Penguatan fundamental perusahaan usai restrukturisasi keuangan menjadi momentum penting bagi Krakatau Steel Group untuk meningkatkan kinerja operasional secara menyeluruh.
Dalam transformasi KRAS Reborn, kesiapan infrastruktur logistik dan kepelabuhanan menjadi salah satu pilar utama untuk menjaga kelancaran distribusi bahan baku dan produksi baja nasional.
KIP Jadi Simpul Utama Logistik Baja
Direktur Utama Krakatau Bandar Samudera, Noor Fuad, mengatakan KIP memegang peran vital dalam mendukung arus logistik dan kebutuhan bahan baku industri baja.
Menurutnya, KIP menjadi penghubung utama antara sumber daya bahan baku, fasilitas produksi, hingga distribusi ke pasar domestik dan internasional.
“Sebagai pengelola infrastruktur kepelabuhanan dalam ekosistem Krakatau Steel Group, KIP memegang peran vital dalam memastikan kelancaran arus bahan baku,” ujar Noor Fuad.
Ia menambahkan, penguatan kapasitas dermaga dan sistem logistik terintegrasi terus dilakukan untuk meningkatkan efisiensi distribusi serta menekan biaya logistik.

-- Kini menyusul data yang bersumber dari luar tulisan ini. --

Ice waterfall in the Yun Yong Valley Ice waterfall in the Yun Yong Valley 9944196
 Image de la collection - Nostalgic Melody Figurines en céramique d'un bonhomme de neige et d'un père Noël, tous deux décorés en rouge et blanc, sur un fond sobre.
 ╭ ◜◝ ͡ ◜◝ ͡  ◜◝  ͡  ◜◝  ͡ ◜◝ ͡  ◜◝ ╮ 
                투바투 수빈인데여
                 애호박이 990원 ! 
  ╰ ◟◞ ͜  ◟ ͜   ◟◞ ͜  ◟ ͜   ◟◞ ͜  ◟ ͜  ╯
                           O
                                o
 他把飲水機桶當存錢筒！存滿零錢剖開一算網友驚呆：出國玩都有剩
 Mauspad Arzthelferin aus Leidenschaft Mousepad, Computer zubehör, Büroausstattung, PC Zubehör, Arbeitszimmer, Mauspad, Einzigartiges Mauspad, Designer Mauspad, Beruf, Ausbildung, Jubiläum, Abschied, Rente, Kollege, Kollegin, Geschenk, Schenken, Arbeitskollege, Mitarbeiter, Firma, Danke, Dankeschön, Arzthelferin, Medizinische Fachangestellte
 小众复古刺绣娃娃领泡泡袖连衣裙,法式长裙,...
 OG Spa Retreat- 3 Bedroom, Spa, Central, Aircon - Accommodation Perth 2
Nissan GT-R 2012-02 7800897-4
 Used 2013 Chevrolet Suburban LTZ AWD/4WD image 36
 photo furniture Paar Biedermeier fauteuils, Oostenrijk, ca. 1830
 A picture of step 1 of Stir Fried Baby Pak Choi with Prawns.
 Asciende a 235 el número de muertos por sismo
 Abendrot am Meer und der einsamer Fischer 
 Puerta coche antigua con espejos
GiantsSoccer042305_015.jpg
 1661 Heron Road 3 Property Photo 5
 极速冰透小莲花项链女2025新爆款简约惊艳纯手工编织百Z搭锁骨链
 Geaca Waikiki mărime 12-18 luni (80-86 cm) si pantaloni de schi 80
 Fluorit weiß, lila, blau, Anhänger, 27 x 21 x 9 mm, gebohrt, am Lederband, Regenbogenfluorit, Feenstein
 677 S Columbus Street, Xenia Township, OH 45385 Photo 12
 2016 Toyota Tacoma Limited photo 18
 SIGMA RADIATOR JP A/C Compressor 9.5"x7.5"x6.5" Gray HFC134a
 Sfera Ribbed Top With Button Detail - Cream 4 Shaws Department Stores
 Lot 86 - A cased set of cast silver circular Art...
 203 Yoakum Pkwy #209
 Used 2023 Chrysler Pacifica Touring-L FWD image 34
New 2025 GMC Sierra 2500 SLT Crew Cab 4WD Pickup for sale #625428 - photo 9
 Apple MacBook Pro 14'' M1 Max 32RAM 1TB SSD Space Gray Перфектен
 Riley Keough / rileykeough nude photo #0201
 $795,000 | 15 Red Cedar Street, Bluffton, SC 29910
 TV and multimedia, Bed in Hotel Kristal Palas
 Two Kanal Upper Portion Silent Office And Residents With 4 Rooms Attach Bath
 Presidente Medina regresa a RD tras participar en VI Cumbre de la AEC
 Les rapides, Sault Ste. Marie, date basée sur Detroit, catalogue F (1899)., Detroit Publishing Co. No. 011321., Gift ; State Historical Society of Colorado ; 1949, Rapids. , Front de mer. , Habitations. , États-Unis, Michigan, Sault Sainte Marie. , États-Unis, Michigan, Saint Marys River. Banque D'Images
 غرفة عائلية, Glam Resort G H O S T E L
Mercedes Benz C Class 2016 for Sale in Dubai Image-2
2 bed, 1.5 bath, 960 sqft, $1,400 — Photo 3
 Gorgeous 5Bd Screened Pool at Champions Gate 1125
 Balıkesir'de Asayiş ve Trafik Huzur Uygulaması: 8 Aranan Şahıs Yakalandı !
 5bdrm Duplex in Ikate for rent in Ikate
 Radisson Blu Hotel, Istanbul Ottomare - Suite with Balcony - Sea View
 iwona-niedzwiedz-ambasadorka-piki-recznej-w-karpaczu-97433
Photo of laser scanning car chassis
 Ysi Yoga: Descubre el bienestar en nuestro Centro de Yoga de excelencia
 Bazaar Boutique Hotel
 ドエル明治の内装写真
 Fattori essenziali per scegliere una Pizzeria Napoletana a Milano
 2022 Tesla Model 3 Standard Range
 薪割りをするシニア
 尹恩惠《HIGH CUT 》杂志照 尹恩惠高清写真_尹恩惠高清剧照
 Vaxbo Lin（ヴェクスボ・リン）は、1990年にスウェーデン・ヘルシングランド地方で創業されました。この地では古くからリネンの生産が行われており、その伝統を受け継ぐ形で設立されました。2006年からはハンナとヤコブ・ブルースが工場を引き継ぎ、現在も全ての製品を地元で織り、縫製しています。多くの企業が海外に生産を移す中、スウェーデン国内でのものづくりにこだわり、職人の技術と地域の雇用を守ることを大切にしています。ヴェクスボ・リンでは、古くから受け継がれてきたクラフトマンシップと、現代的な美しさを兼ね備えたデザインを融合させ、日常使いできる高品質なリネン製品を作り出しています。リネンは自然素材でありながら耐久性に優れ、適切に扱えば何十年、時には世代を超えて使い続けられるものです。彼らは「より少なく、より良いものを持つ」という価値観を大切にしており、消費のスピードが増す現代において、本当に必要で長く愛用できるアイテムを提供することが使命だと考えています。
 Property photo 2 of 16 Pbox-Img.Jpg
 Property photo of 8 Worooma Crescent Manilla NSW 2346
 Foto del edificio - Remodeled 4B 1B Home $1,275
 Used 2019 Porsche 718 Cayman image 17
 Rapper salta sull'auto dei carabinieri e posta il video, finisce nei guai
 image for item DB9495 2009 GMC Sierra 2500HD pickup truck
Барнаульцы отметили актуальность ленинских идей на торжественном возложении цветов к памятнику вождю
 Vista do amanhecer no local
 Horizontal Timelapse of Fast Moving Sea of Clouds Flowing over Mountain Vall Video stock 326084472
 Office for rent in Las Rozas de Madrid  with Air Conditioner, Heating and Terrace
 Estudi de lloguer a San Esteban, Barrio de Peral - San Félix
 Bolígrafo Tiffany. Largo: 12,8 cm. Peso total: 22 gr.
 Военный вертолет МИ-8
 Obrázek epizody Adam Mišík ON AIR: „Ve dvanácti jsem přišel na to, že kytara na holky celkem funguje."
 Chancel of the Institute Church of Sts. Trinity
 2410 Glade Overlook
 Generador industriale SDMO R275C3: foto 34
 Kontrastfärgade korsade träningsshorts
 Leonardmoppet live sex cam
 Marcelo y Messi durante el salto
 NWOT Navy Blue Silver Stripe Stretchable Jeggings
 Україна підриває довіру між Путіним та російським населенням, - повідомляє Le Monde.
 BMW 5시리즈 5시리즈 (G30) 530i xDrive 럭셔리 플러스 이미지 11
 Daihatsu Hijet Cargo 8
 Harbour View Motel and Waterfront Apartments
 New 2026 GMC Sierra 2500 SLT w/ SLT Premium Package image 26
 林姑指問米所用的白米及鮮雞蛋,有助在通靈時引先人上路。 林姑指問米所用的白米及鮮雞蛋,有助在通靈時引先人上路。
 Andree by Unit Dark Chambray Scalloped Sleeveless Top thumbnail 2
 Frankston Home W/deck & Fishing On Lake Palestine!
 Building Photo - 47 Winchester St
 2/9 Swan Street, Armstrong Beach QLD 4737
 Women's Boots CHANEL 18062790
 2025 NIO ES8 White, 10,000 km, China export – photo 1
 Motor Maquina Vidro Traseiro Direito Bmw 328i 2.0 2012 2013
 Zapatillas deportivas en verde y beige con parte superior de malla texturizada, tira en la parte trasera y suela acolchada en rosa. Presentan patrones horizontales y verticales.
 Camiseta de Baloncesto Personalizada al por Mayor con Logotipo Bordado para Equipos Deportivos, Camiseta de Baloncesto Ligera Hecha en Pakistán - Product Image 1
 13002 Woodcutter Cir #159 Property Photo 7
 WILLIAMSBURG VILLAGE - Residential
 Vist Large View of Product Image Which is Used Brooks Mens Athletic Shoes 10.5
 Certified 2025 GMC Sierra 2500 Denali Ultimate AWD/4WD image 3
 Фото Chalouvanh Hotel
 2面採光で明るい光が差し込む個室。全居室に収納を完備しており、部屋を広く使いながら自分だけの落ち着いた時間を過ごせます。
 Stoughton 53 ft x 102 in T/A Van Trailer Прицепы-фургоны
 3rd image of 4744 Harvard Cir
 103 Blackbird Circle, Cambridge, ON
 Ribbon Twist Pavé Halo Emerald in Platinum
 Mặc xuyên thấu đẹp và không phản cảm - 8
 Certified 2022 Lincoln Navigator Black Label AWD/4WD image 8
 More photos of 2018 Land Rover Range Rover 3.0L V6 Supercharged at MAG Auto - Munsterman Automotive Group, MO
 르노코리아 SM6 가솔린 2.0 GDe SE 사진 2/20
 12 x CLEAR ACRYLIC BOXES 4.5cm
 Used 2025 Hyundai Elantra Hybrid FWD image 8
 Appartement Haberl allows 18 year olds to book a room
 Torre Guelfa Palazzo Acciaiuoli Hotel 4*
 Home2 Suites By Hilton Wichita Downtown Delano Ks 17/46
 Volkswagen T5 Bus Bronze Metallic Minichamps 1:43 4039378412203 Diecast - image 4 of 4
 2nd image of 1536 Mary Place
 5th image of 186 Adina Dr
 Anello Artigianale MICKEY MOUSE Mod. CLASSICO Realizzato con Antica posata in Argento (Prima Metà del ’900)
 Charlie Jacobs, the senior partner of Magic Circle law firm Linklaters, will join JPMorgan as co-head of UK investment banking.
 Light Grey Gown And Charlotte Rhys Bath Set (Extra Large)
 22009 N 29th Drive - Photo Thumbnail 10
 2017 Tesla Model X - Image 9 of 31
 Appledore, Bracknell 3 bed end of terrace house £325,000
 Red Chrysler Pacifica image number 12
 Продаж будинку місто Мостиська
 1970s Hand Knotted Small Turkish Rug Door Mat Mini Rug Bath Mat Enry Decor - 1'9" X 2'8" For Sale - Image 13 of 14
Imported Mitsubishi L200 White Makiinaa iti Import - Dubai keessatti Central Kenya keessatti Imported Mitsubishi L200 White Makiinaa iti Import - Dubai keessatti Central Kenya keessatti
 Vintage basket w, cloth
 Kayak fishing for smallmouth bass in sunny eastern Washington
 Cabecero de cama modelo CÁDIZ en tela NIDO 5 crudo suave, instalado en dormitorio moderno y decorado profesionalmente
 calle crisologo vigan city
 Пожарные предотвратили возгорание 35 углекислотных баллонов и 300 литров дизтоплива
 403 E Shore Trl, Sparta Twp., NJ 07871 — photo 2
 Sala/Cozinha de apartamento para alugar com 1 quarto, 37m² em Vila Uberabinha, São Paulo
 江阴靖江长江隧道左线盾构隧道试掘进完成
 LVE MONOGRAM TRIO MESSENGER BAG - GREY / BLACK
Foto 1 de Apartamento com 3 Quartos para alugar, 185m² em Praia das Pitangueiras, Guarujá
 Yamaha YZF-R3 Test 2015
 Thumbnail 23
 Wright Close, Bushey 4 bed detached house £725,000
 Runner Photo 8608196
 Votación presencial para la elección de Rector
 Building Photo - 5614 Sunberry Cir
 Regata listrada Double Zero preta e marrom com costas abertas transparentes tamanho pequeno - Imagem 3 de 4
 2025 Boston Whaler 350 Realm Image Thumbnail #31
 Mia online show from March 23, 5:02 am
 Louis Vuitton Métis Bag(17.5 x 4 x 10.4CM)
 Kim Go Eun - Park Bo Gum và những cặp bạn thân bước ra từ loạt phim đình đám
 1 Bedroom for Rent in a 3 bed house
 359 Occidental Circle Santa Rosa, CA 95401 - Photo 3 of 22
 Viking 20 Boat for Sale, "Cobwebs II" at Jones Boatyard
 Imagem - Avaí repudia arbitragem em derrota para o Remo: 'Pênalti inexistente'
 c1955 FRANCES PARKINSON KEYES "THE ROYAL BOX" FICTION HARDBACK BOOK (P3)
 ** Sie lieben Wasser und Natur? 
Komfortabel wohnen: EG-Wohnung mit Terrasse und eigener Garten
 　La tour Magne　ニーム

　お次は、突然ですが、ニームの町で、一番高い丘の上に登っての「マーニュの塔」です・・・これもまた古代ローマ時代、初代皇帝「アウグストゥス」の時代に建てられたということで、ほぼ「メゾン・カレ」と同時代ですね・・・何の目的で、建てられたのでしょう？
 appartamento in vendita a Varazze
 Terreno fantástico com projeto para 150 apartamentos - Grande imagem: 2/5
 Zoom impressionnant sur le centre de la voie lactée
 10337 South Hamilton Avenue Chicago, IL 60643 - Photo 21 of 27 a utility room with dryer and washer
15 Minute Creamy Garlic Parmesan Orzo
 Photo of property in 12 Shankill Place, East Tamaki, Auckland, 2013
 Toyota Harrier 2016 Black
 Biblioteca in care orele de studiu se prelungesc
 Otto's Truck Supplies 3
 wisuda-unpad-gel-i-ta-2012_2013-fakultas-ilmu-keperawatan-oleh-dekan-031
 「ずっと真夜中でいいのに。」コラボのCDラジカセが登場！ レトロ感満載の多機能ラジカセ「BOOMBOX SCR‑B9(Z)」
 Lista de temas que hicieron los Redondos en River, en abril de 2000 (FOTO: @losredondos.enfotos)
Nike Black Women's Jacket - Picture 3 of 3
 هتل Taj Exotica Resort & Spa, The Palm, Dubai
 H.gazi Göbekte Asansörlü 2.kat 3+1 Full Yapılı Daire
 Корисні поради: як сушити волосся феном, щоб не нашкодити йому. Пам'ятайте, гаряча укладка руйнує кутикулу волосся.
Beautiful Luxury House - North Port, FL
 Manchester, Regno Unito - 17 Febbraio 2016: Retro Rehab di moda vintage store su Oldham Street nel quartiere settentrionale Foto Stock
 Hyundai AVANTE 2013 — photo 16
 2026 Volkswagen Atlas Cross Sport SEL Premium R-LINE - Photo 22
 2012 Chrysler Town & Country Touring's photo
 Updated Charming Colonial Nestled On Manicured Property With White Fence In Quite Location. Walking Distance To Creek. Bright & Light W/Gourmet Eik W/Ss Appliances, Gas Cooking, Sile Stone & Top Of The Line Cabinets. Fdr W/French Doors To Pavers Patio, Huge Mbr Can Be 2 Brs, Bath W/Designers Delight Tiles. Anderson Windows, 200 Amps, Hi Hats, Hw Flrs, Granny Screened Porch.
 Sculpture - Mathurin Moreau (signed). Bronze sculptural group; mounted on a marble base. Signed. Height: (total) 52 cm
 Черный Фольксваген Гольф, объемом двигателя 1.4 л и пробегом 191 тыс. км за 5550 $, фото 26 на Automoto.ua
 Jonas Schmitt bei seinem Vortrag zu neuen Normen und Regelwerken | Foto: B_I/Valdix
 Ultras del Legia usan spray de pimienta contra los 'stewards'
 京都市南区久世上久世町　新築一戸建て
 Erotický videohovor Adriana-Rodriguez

Langkah tersebut juga mendukung optimalisasi fasilitas Hot Strip Mill (HSM) yang ditargetkan mencapai produksi 120 ribu ton per bulan.
Dukung Hilirisasi Iron Sand dan Nikel
Krakatau Steel Group juga mendorong hilirisasi iron sand menjadi carbon steel slab dan billet. Indonesia memiliki cadangan iron sand sekitar 941 juta ton dengan konsentrasi terbesar berada di Pulau Jawa.
KIP berperan memastikan distribusi iron sand dari lokasi sumber menuju fasilitas produksi berjalan efisien melalui dukungan infrastruktur dermaga.
Selain itu, Krakatau Steel Group turut memperkuat hilirisasi nikel untuk pengembangan stainless steel slab.
Indonesia diketahui memiliki sekitar 42 persen cadangan nikel dunia atau setara 5,3 miliar ton yang tersebar di Sulawesi dan Maluku Utara.
Konektivitas logistik antarwilayah menjadi faktor penting agar distribusi bahan baku berjalan tepat waktu dan efisien.
KRAS Reborn Sejalan dengan Asta Cita
Direktur Utama PT Krakatau Steel (Persero) Tbk, Akbar Djohan, menegaskan penguatan logistik dan kepelabuhanan menjadi bagian penting dalam transformasi perusahaan.
Menurutnya, sinergi antara industri baja dan sektor maritim akan memperkuat kemandirian industri nasional.
“KIP bukan sekadar anak usaha, tetapi perpanjangan tangan kami dalam menyentuh cakrawala industri nasional,” kata Akbar Djohan.
Ia menambahkan, transformasi Krakatau Steel Group saat ini selaras dengan visi Asta Cita Presiden Prabowo Subianto dalam memperkuat industrialisasi dan ketahanan ekonomi nasional.